Fighting between southern separatists, backed by the United Arab Emirates (UAE), against forces loyal to Saudi-based president Hadi, risk crippling their once-united campaign against the Iran-aligned Houthi movement in Yemen’s north.
The UAE is a major component of a Saudi-led military coalition of Arab states that has supported Hadi’s government since the Houthis seized much of the country, including the capital Sanaa, three years ago. Hadi’s government operates out of Aden, while he lives in Saudi Arabia.
Residents said forces loyal to the Southern Transitional Council (STC), formed last year to push for the revival of the former independent state of South Yemen, seized the last stronghold of Hadi’s Presidential Protection Forces in the Dar Saad area of northern Aden, in battles that at times involved heavy artillery and tank fire.
Aden residents said STC fighters had earlier overrun Presidential Protection Forces outposts in central Aden’s Crater and Tawahi districts.
Witnesses said hundreds of people danced and sang as they celebrated the STC victory with fireworks that lit the night skies over Aden. The crowd chanted slogans demanding restoration of the southern state.
The fighting began on Sunday after a deadline set last week by the STC for Hadi to dismiss bin Daghr’s government, which the STC accused of corruption and mismanagement. The government denies the allegation.
Sources at the STC said negotiations were underway to allow bin Daghr’s government to leave the city safely, but a government source said bin Daghr had no intention to leave Aden.

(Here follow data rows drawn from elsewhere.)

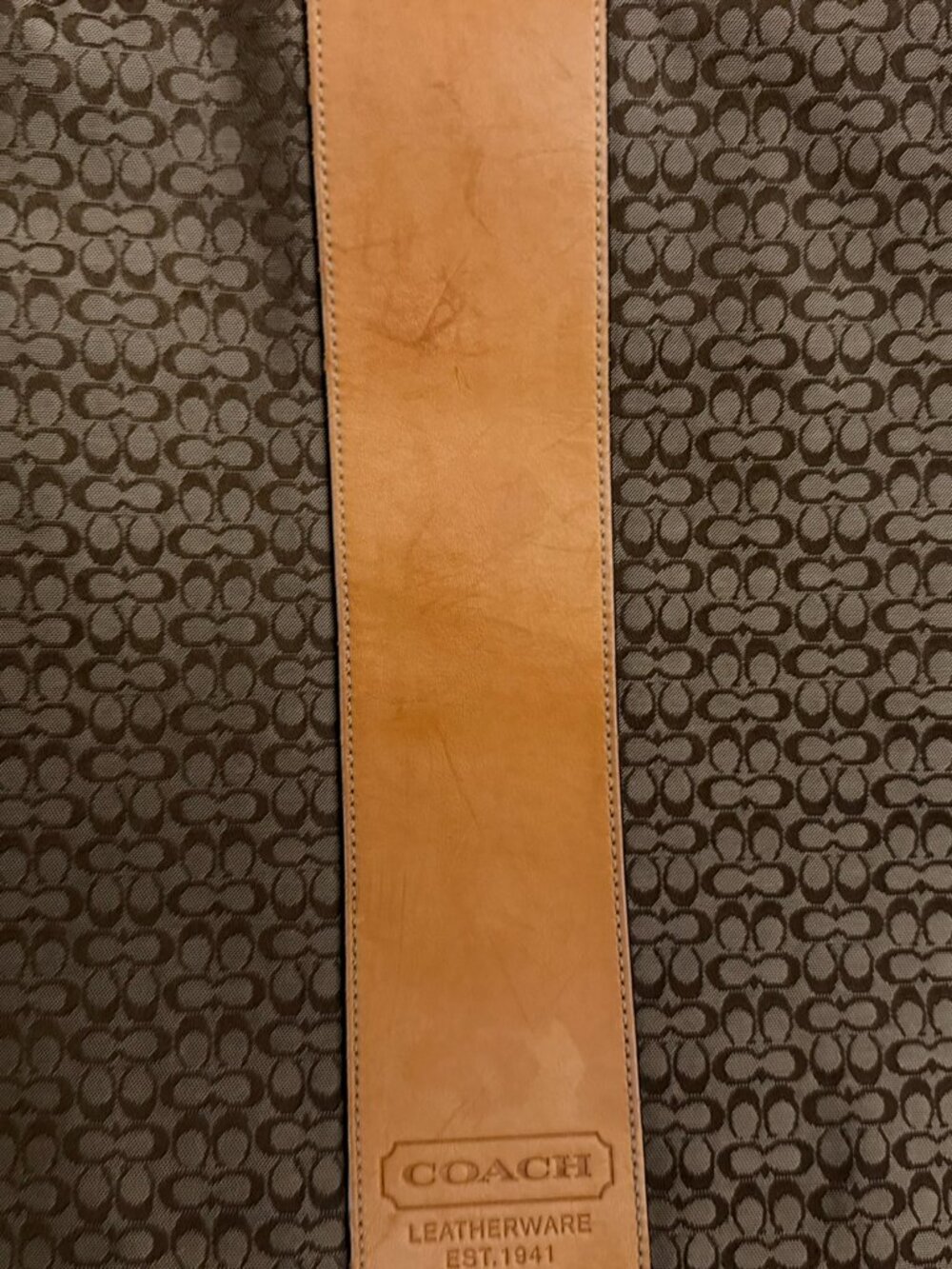 Coach Hudson Signature Jacquard Messenger/Baby Bag - Picture 7 of 10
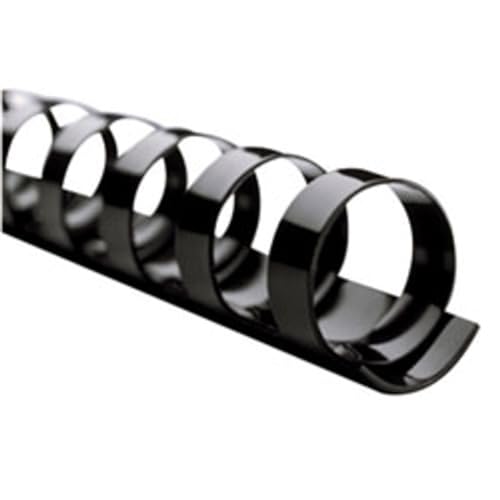 GBC Binding Spines/Spirals/Coils, 1/4" Diameter, 25 Sheet Capacity, CombBind, Black, 100 Pack (4000020) - size: 100 Pack, style: 1/4" Diameter/25 Sheet Capacity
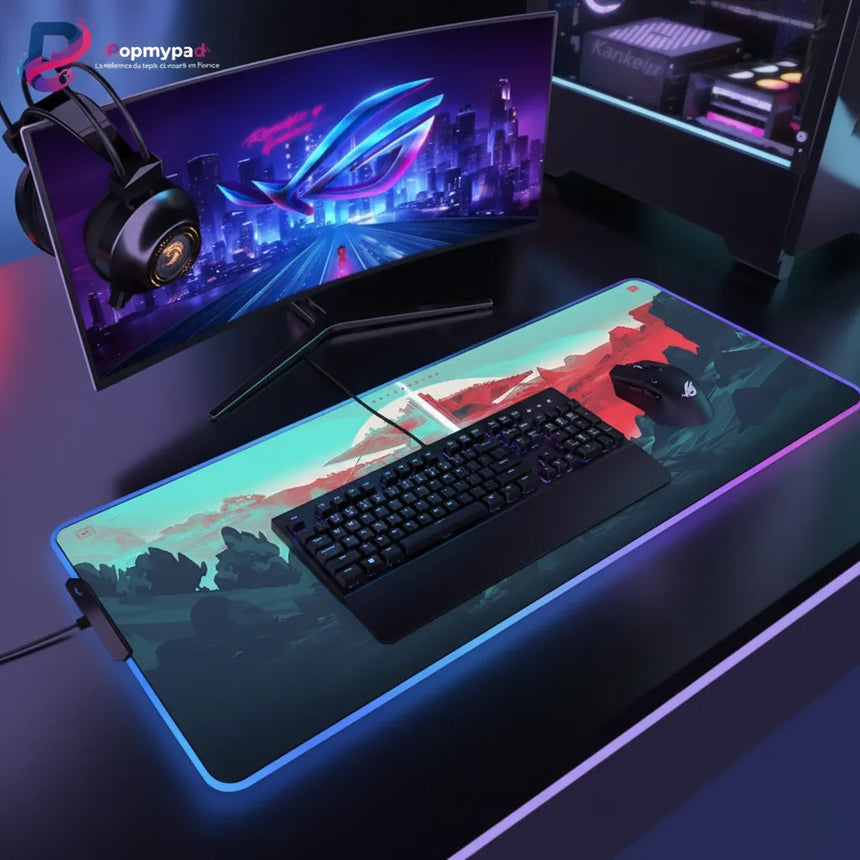 Tapis de Souris Valorant XXL - Édition Silhouettes Agents & Landscape Esport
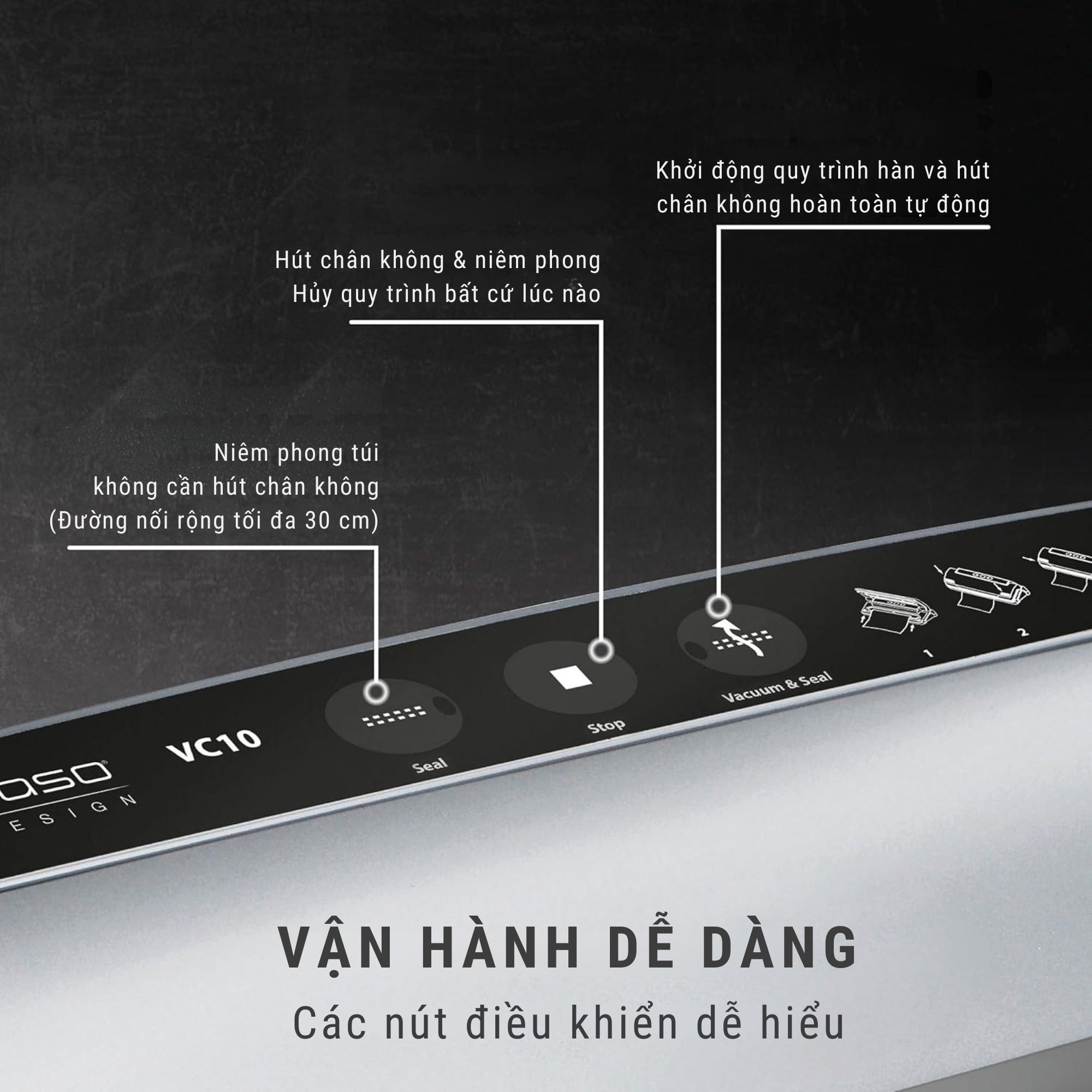 Máy Hút Chân Không CASO VC10 Model 2025 - Giải Pháp Bảo Quản Thực Phẩm Chuẩn Đức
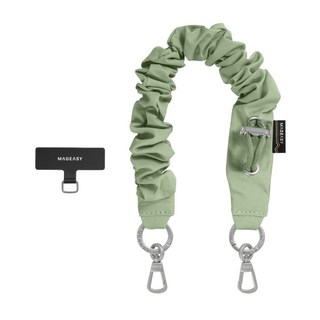 MAGEASY Scrunchie Wrist Strap 手腕掛繩掛繩片組, 鼠尾草綠, 1組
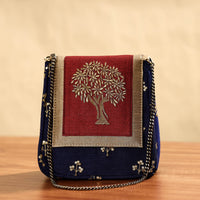 embroidered party hand bag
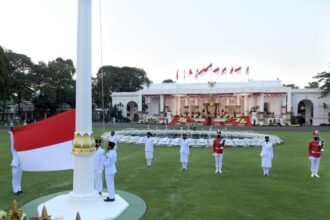 Upacara Hari Kemerdekaan RI di Indonesia. Foto: Setneg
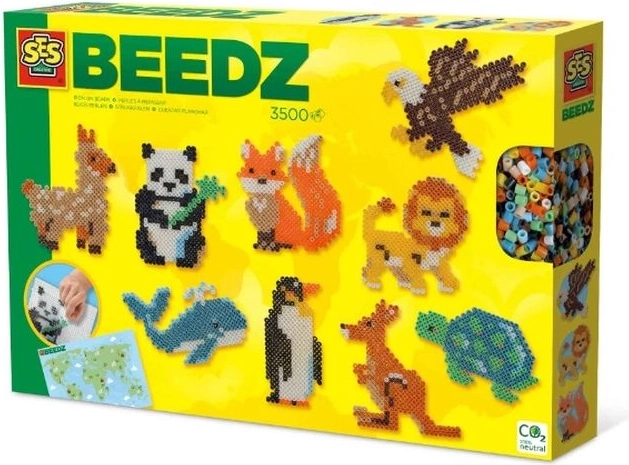 SES Creative Beedz Lumea animalelor – mărgele de călcat 3500 buc.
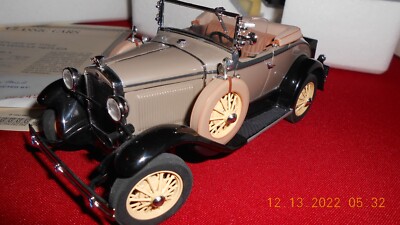 ダンバリーミント1931 Ford Model A Deluxe Coupe The Danbury Mint 1931 Ford Model A Deluxe Roadster Convertible 1
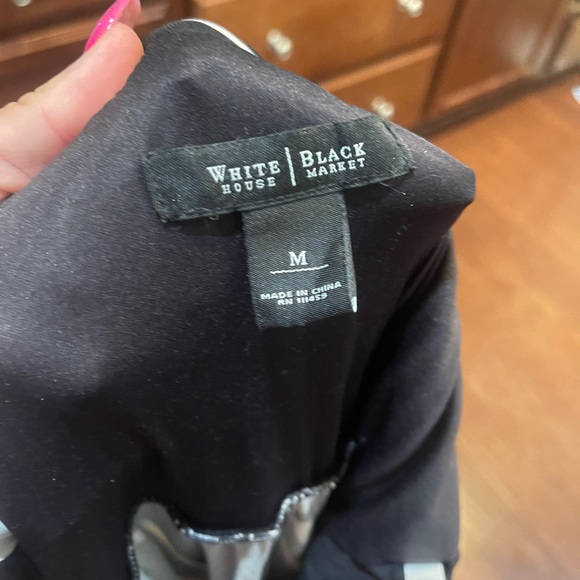 White House Black Market Leaf Print Strapless Tube Maxi Dress Size medium - Picture 4 of 5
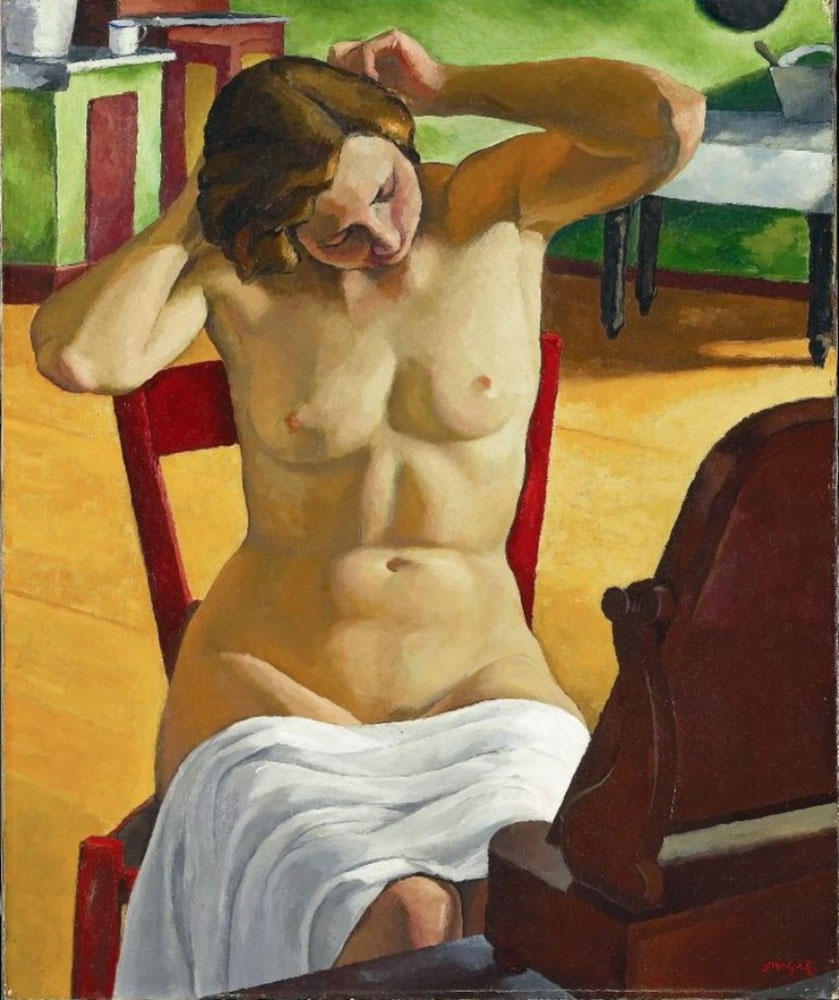 Holgate, E. H. : Nude in front of a mirror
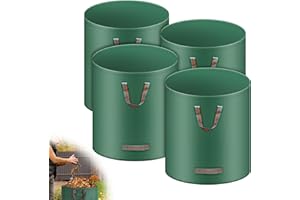vvhippo 4x Sacs de Jardin Indéchirables, 272L Sac Jardinage Déchets, Autoportant, Big Bag avec Poignées, Étanche, Pliable et Réutilisable, Sac Végétaux Jardin 150 g/m²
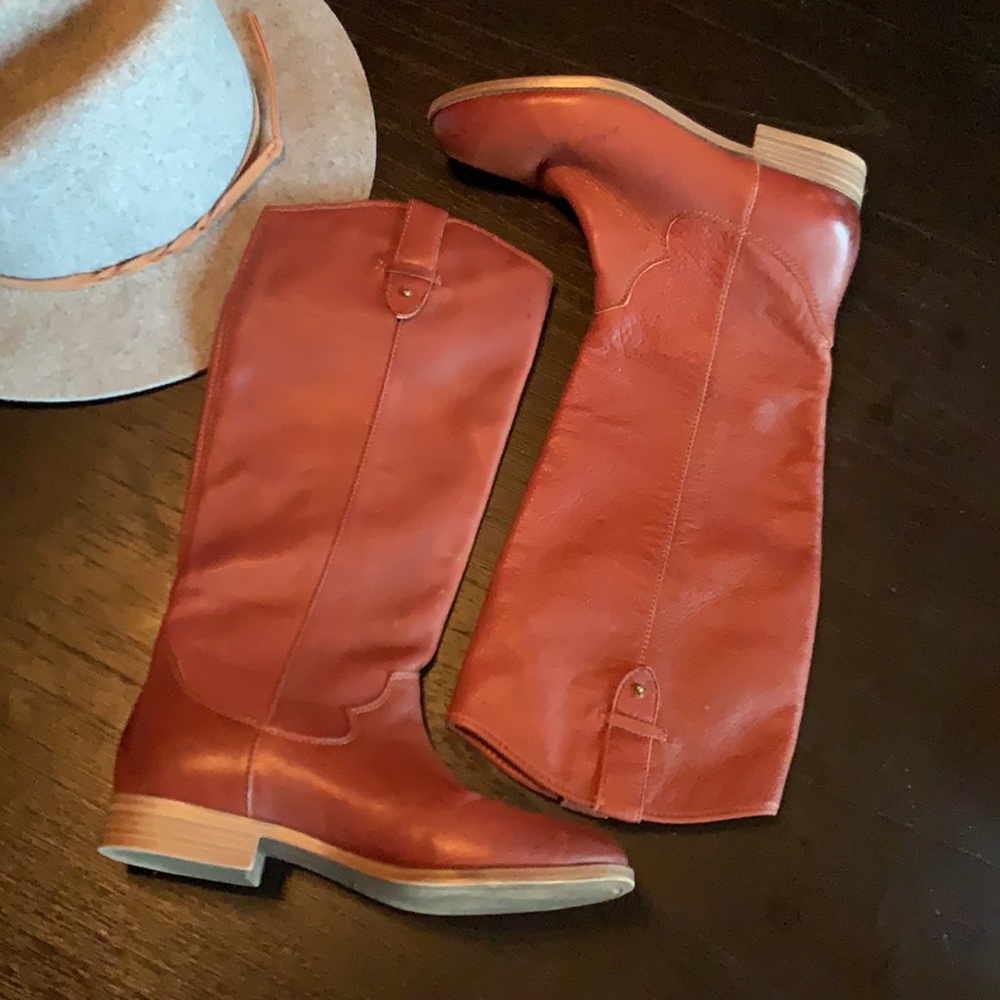 Frye Tall Leather Riding Boots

The factional fighting in the south compounds the misery of Yemenis whose country has been torn apart by three years of conflict between Hadi’s forces and the Houthis, which has also opened the way for Islamist militants to widen their influence.
In the southern Shabwa province, at least 12 soldiers from another local force trained and backed by the UAE were killed in a bomb and gun attack on their outpost, residents and officials said.
While no one claimed responsibility for the attack, it mirrored previous operations by al-Qaida in the Arabian Peninsula.